Happy Friday! I'm leaving after work to start our vacation, so posts next week may be sporadic. I'm not sure what the wi-fi situation will be like at the place where we're staying, but I'll do my best to stay in touch.
So yesterday I picked up some booze to bring with us on the trip. I was in the supermarket, so on the way out I stopped by the media section and picked up a new book and some magazines for the train ride, too. At the check-out I saw the cashier giving me the side-eye as I loaded two cases of beer and six big bottles of wine onto the conveyer belt, so I joked, "This should get me through the weekend!" and she laughed. I explained that we were vacationing with six adults for a week, and we chatted for a few minutes.

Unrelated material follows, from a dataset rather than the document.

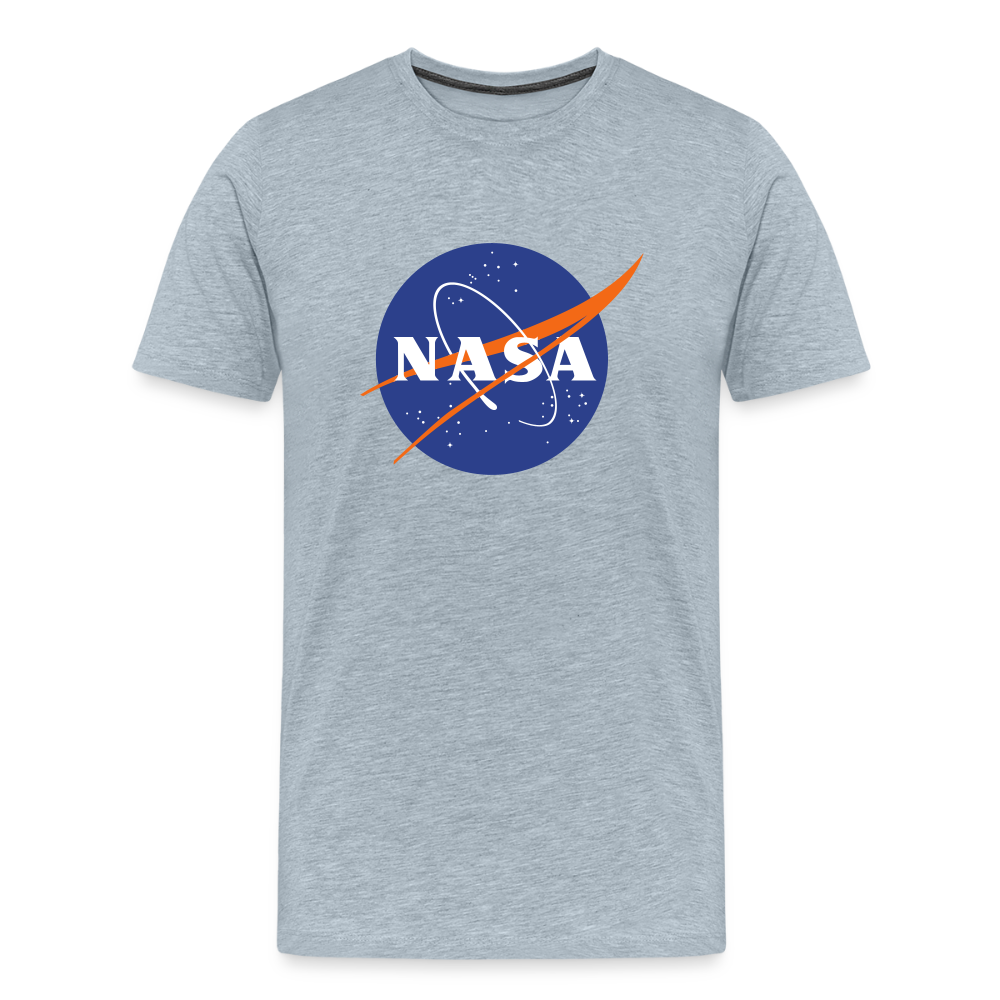 NASA Logo (Men's Premium T-Shirt) - heather ice blue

As she scanned my book, she burst out laughing. I had purchased a memoir called "Smashed," about a woman's journey to sobriety through an alcoholic youth. I didn't even realize the irony until she pointed it out. I rule.

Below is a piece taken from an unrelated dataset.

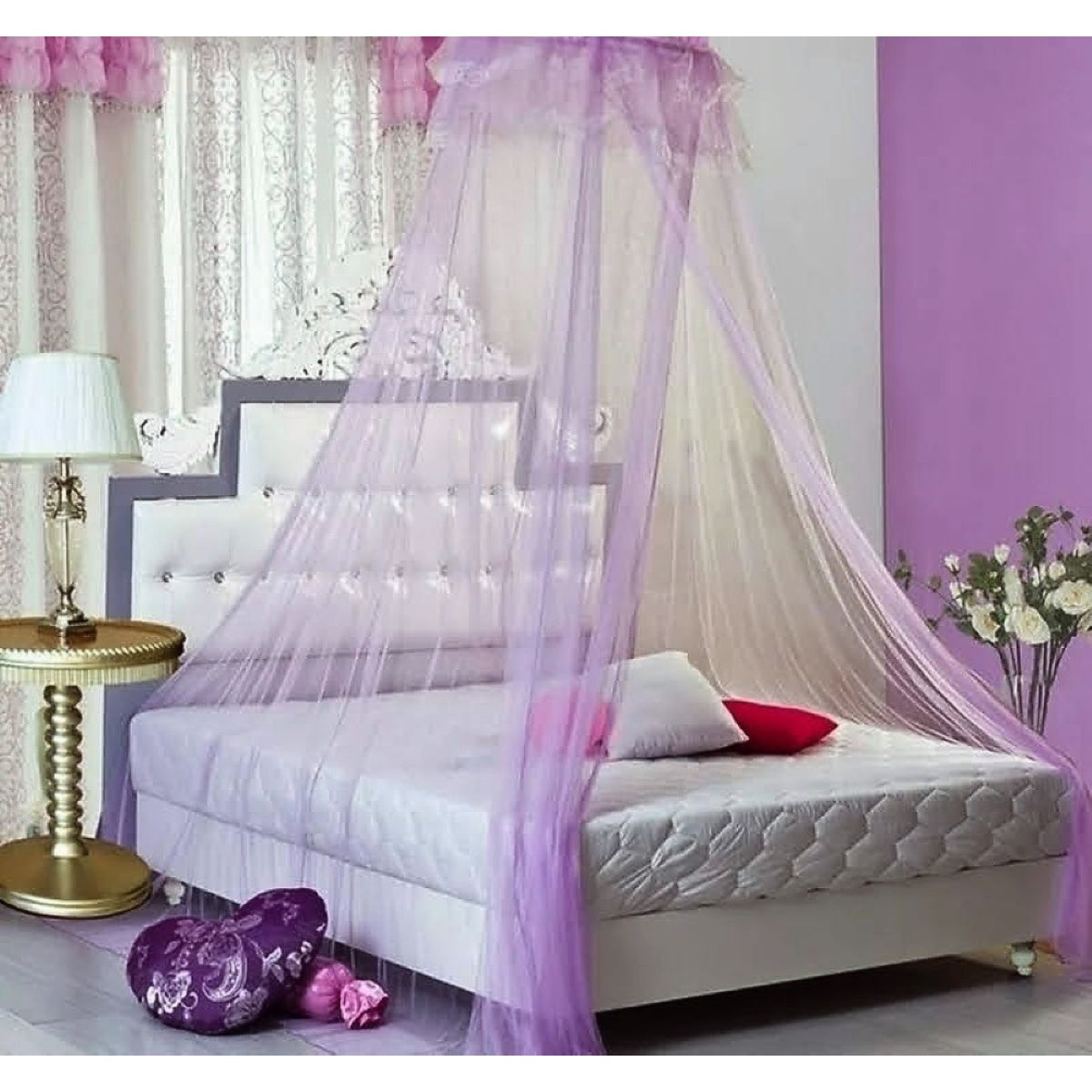 Malla Mosquitera Grande Abierta Para Cama 2 Plazas - Lila, marca GENERICO - Foto Principal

ANYWHOOOOOOOOO, on to the stew! It's a small batch this week, and I'm afraid it might be a trifle bitter for some reason. I think some of the ingredients had spoiled, but don't worry, it still tastes fine. So, what have we learned this week?
THIS GUY is a sex fiend.
Apparently he and his skeletal gold-digging wife both had separate lovers for most of their marriage, and Larry's mistress was his wife's sister. Ack! What happened in those girls' childhood to make them crave (or even tolerate) old man cock?
Suck it, Planet Earth!
On Thursday we celebrated Earth Day by dumping tons of crude oil into the Gulf Coast after one of our oil rigs exploded and then sank. This has to be some sort of retaliation for all these earth quakes, floods, hurricanes, volcanic eruptions, wind storms, and bizarre weather, right? Take that, Mother Nature! Don't mess with us humans, yo. We will fuck you up.

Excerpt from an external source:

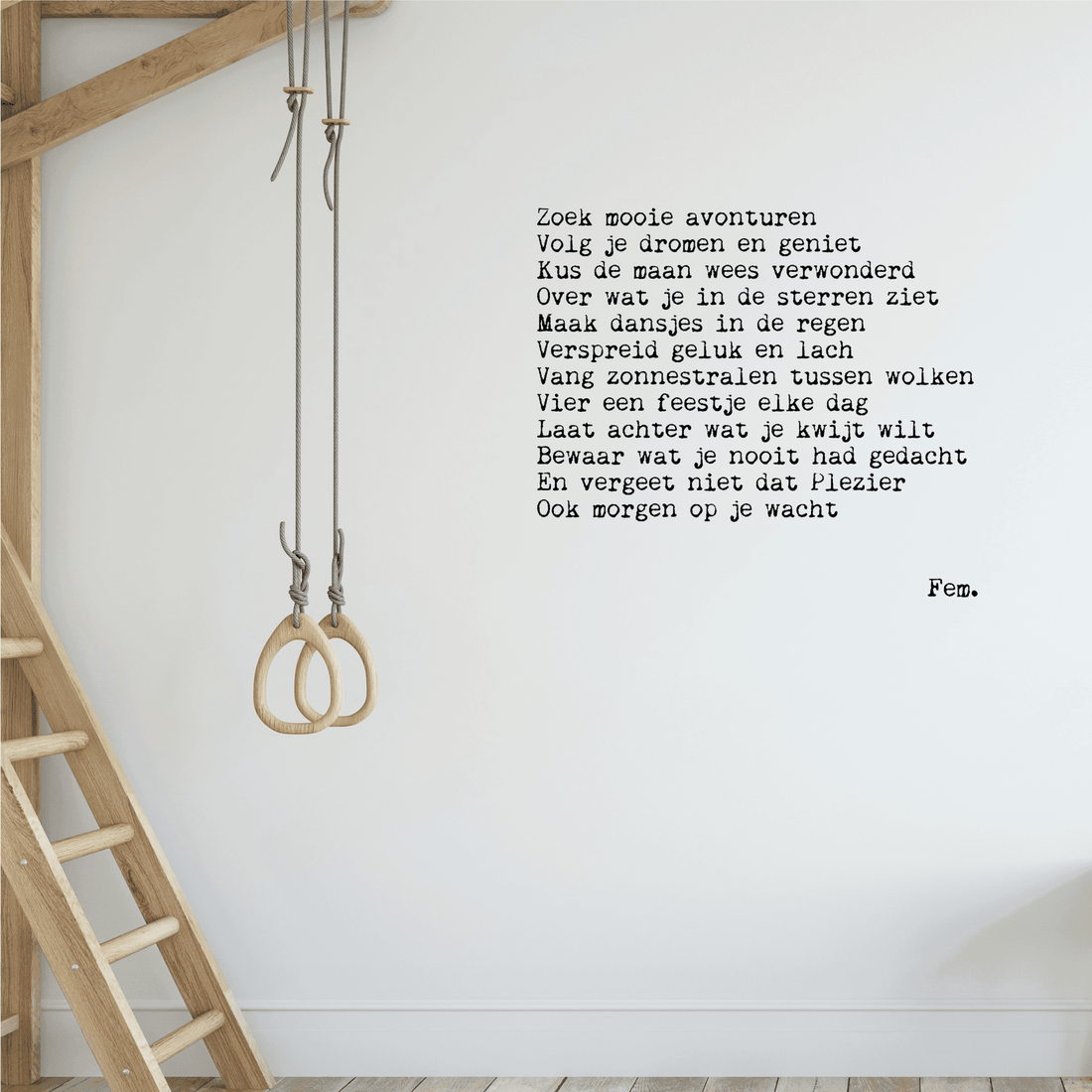 Papierpleziertjes muursticker &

(On a serious note: this story bums me out.)
Kim Kardashian sucks.
That's not how you hold a cat, you stupid bitch. Of course PETA was all over her for this picture, and rightfully so. Do us all a favor and stop putting on your pouty "sexy" face for the camera long enough to actually fire your one existing brain cell once in a while, mkay? Actually, while you're doing us favors, just go away.
Everybody's talking about how much Ke$ha sucked on SNL last weekend.
Wait, did anyone ever claim she was talented? I missed that part. I like that catchy, dance-able song Tik Tok, but then again, I like lots of things that are terrible. (See: Twilight and InStyle magazine.)
TMI Fall-Out I have a hot double date with Elliott & his wife Lori this weekend, and thanks to yesterday's TMI story, at least one of them will be thinking about my hairless hoo-ha while we dine. Fan-friggin-tastic! It's all part of my evil plan to insert inappropriate thoughts into the heads of all of my friends, one post at a time....
**evil laughter**
And yes... I will get Elliott liquored up and take pictures, don't you worry!